Assignment Direction 2
The data is from Chicago’s Data Portal regarding schools. It covers the name of the school, the safety, how involved the families are, how many misconducts occur, graduation rates and more.
Fields:
school_id
name_of_school
elementary_middle_or_high_school
street_address
city
zip_code
safety_score
family_involvement_score
environment_score
instruction_score
teachers_score
parent_engagement_score
parent_environment_score
rate_of_misconduct_per_100_students
graduation_rate_percent
Assignment Direction 3
We will examine the strength of linear correlations between all combinations of numerical variables. Represented below is the correlation coefficients matrix.
Correlation Matrix:
Assignment Direction 4
Strong, positive association
The graph indicates a strong, positive correlation between environment_score and instruction_score, since it’s correlation coefficient is 0.896. Anything greater than 0.5 is considered a strong, positive correlation.

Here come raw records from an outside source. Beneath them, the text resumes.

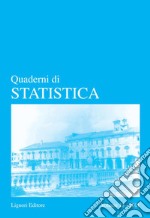 Quaderni di Statistica: Volume 13 - 2011. E-book. Formato PDF ebook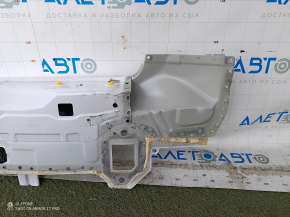 Mercedes GLC 16-22 rear panel, 3-piece kit, drilled, white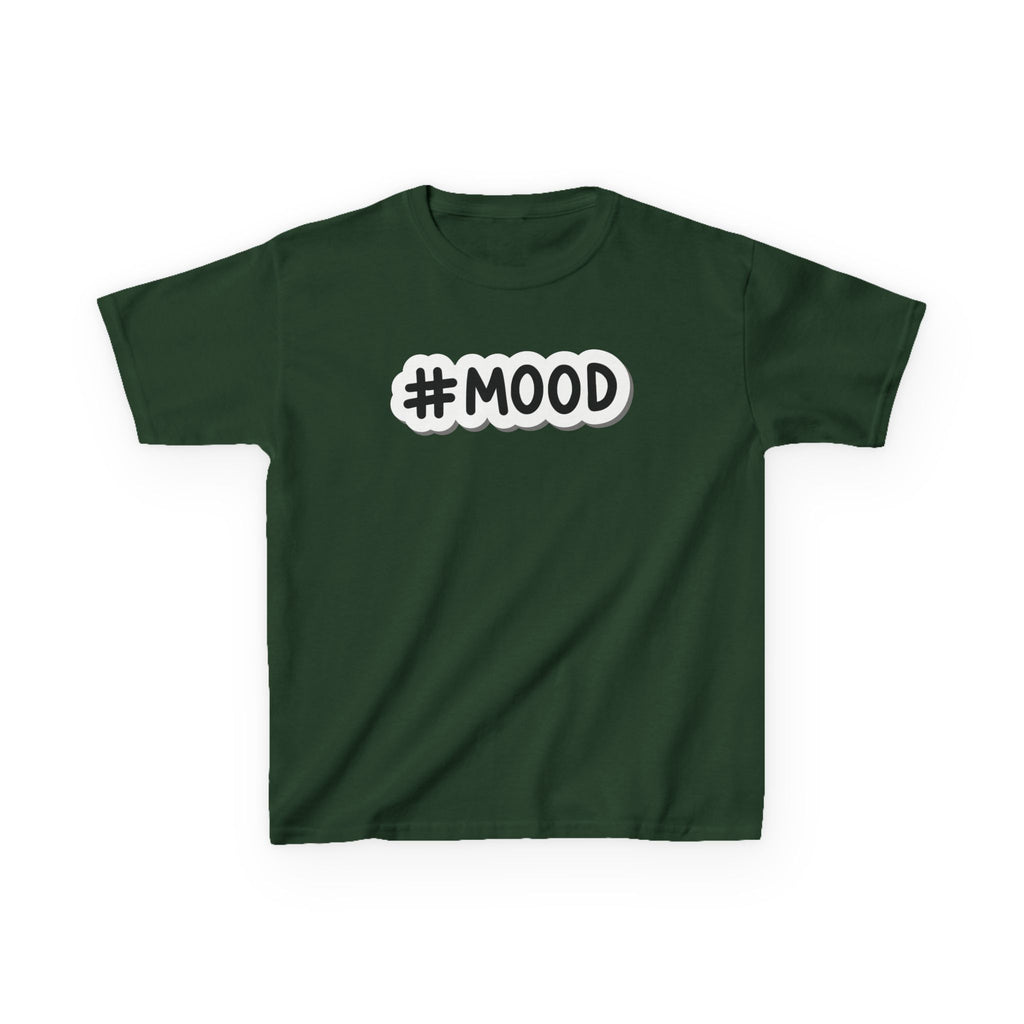 Kids T-Shirt — "My Mood Today"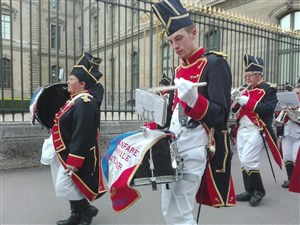 Affiche de Le roi sur sa couleur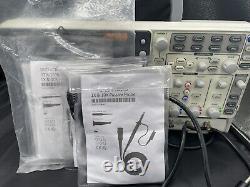 GW Instek GDS-1054B 4Channel 50Mhz DSO Oscilloscope +4 Probes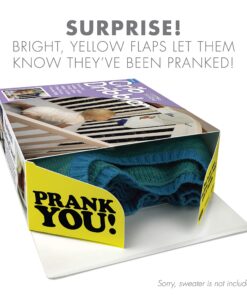 Prank Pack: Crib Dribbler. Wrap Your Real Gift in a Prank Funny Gag Joke Gift Box - by Prank-O - The Original Prank Gift Box 19 81KYdmOfFL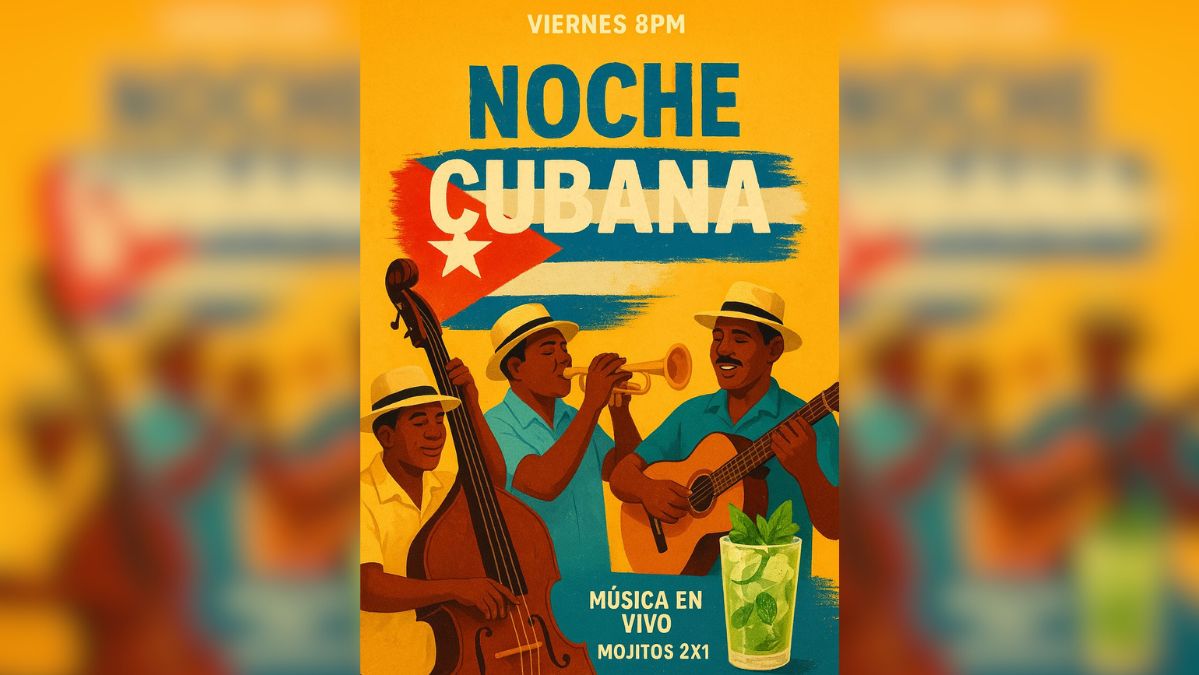 Noche Cubano at The Divot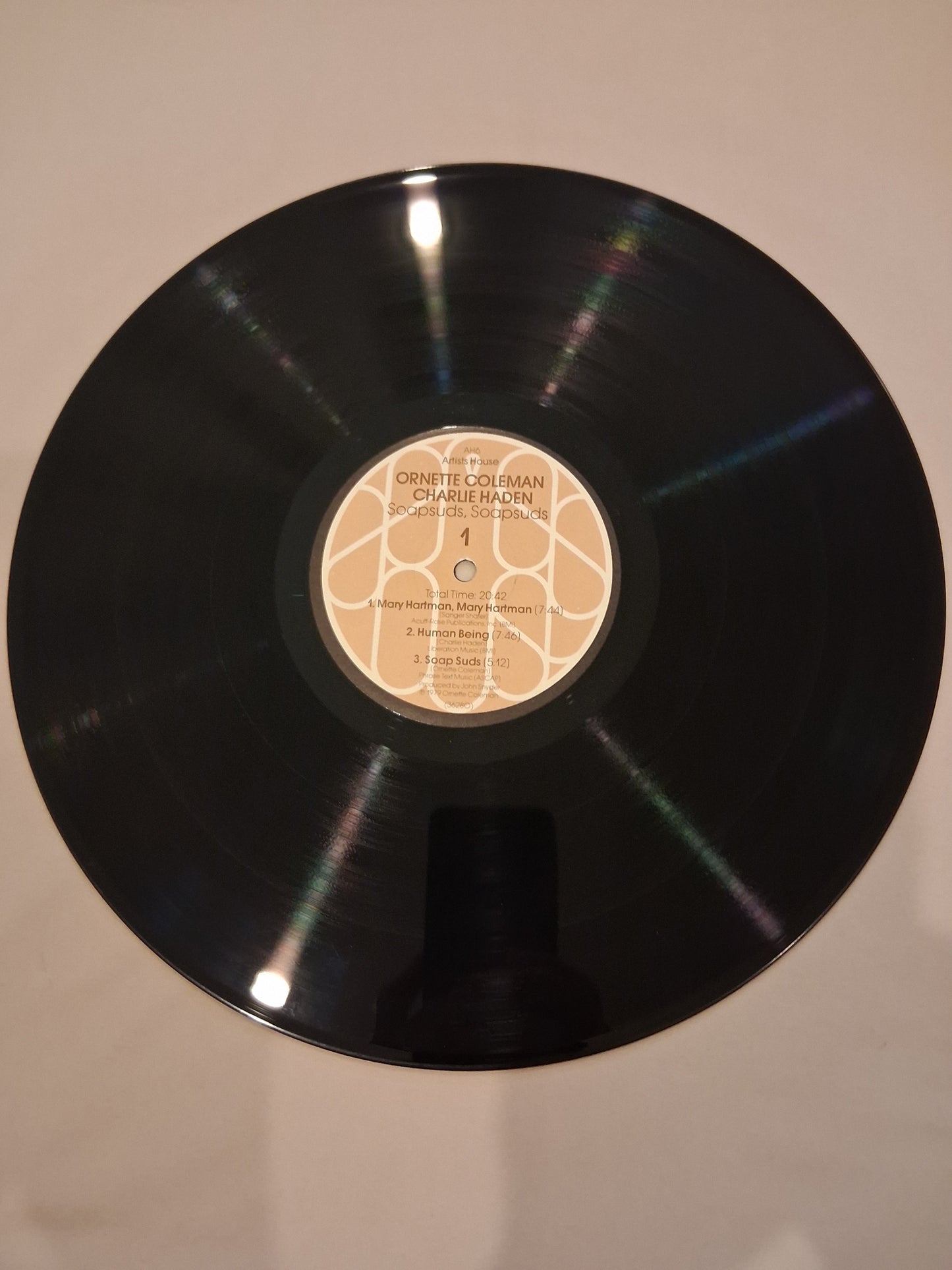 Ornette Coleman And Charlie Haden – Soapsuds, Soapsuds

The scatterplot points appear to be fairly linear and in a positive direction, and the linear regression line also allows us to make out that it is an example of a strong, positive association. As environment_score increases, so does instruction_score.
## [1] 0.8967704
## `geom_smooth()` using formula = 'y ~ x'
##
## Call:
## lm(formula = instruction_score ~ environment_score, data = cchs)
##
## Coefficients:
## (Intercept) environment_score
## -9.146 1.113
Formula: y = 1.113x + (-9.146)
————————————————————–
This graph has a strong, positive correlation between family_involvement_score and safety_score, since it’s correlation coefficient is 0.769. Anything greater than 0.5 is considered a strong, positive correlation. Although the scatterplot may not follow a positive, straight pattern, it’s correlation coefficient allows us to see that it is an example of a strong, positive association. When the family_involvement_score increases, the safety_score will also increase.
## [1] 0.7692211
## `geom_smooth()` using formula = 'y ~ x'
##
## Call:
## lm(formula = safety_score ~ family_involvement_score, data = cchs)
##
## Coefficients:
## (Intercept) family_involvement_score
## 5.1842 0.8972
Formula: y = 0.8972x + 5.1842
—————————————————————-
Strong, negative association
This graph represents a strong, negative association between rate_of_misconducts_per_100_students and safety_score. This is because as our y-axis points increase, the x-axis decreases. This makes sense since as safety_score increases, we will be noticing that the rate of misconducts decreases. I believe this scatterplot would also be a good example of a strong, negative association because it’s correlation coefficient is -0.622, and anything less than -0.5 is an example of a strong, negative association.
## [1] -0.6225672
## `geom_smooth()` using formula = 'y ~ x'
##
## Call:
## lm(formula = safety_score ~ rate_of_misconducts_per_100_students,
## data = cchs)
##
## Coefficients:
## (Intercept) rate_of_misconducts_per_100_students
## 65.2308 -0.9315
Formula: y = -0.9315x + 65.2308
——————————————————————
This graph would represent a medium, negative association between rate_of_misconducts_per_100_students and family_involvement_score, mostly because our correlation coefficient is -0.464. The reason for it to not be a strong, negative association is because it is not less than -0.5, but is fairly close. This graph makes sense though, because as family involvement scores increase, the rate of misconduct amongst students will decrease.
## [1] -0.4640242
## `geom_smooth()` using formula = 'y ~ x'
##
## Call:
## lm(formula = family_involvement_score ~ rate_of_misconducts_per_100_students,
## data = cchs)
##
## Coefficients:
## (Intercept) rate_of_misconducts_per_100_students
## 61.0756 -0.5952
Formula: y = -0.5952x + 61.0756
Work Cited:
“Chicago Data Portal.” Chicago Data Portal. https://data.cityofchicago.org/.